Although the data below holds other lines too, output only those from the line with "Lorraine Ball's profile image" up to and including the line with "DSC03757.jpg", exactly as they appear.

§ **Study material**
|---|

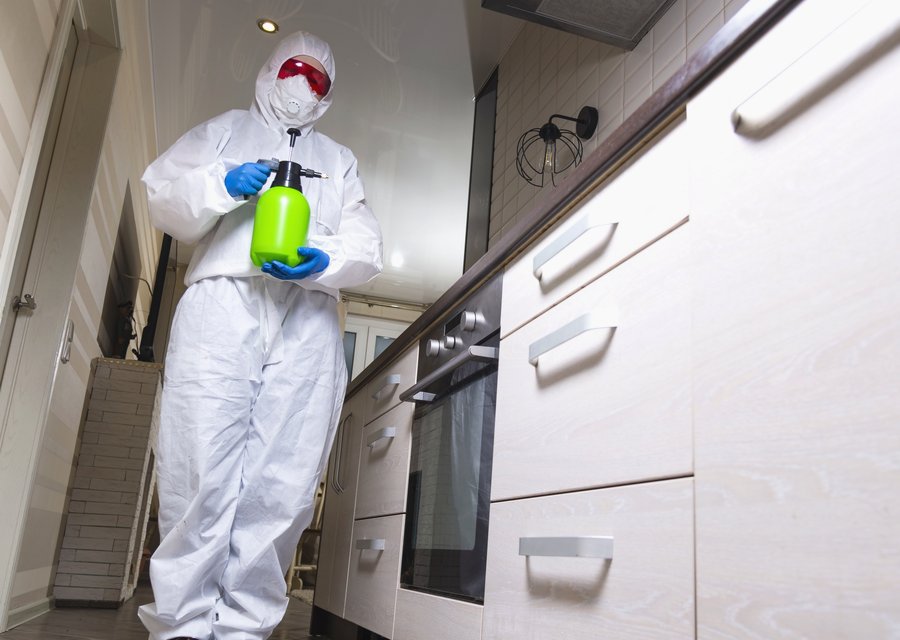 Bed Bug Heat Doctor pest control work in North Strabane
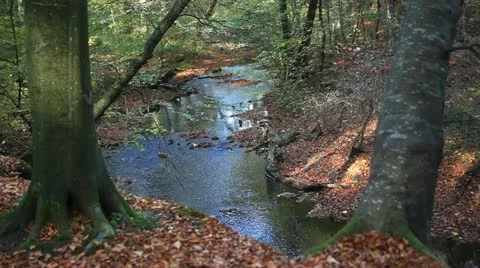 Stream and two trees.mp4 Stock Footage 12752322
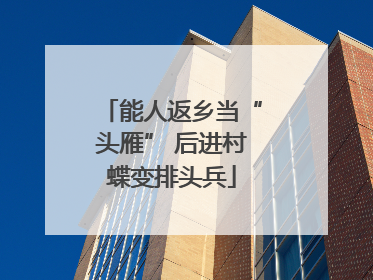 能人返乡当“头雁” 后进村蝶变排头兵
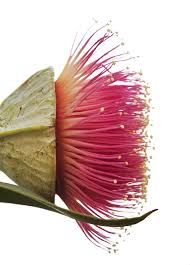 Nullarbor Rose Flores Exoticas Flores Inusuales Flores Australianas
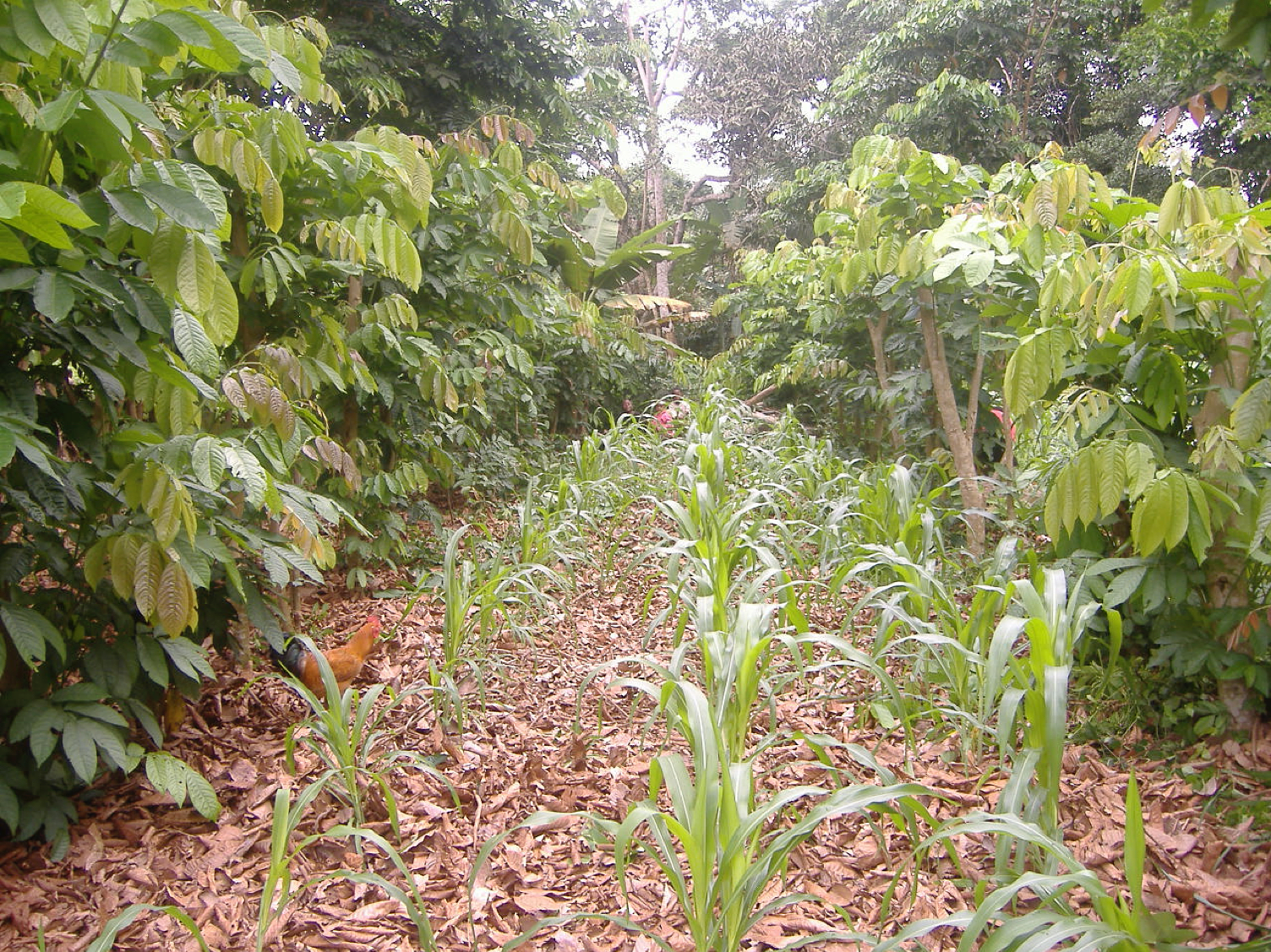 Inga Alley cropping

|---|

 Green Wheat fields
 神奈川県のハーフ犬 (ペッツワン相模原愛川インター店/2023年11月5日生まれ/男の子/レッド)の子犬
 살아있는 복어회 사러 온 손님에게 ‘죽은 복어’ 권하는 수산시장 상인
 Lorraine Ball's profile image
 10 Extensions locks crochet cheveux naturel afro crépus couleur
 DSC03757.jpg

|---|

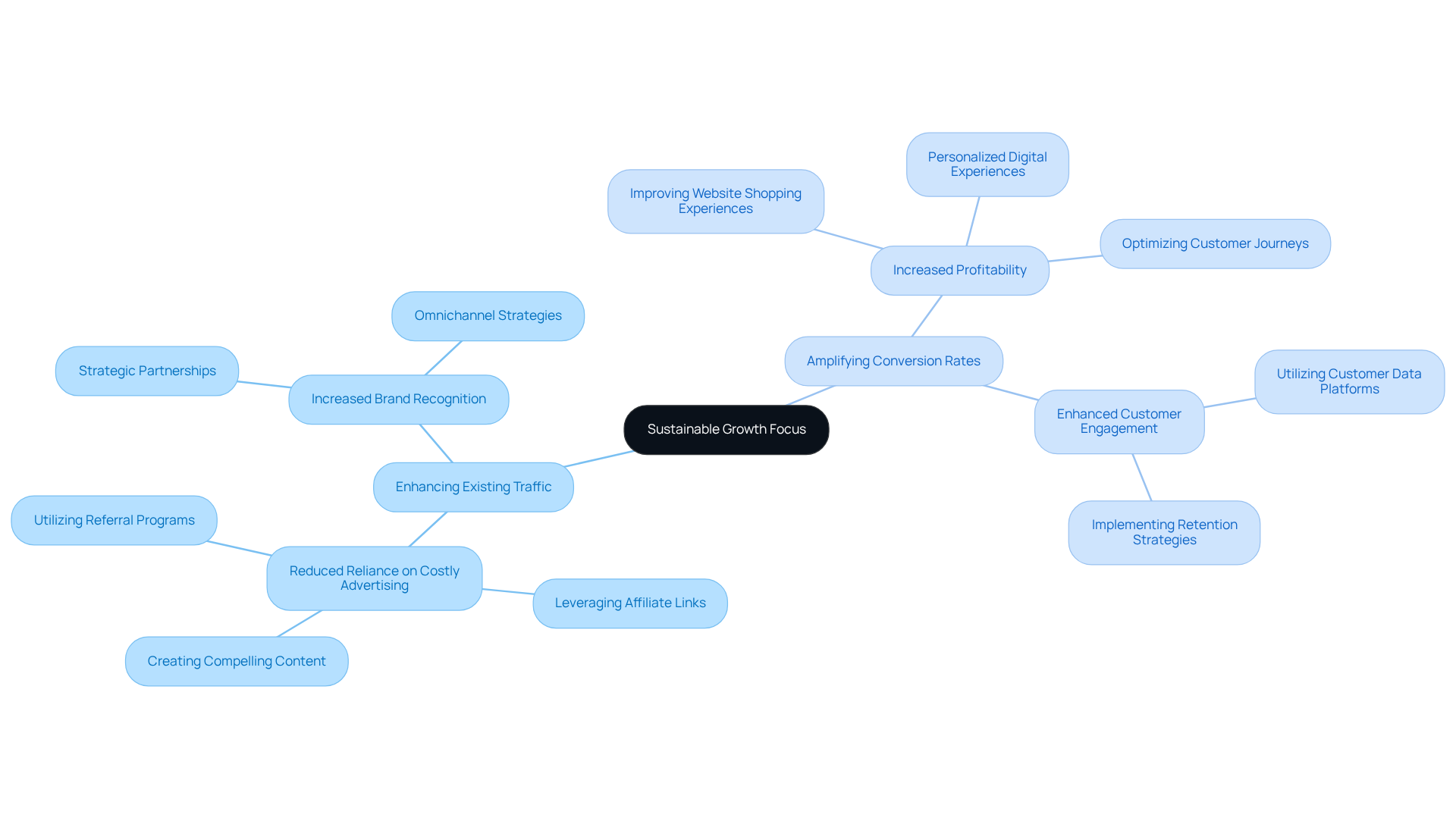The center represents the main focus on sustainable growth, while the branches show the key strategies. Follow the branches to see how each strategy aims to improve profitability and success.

|---|

§ **Finished task**
 Lorraine Ball's profile image
 10 Extensions locks crochet cheveux naturel afro crépus couleur
 DSC03757.jpg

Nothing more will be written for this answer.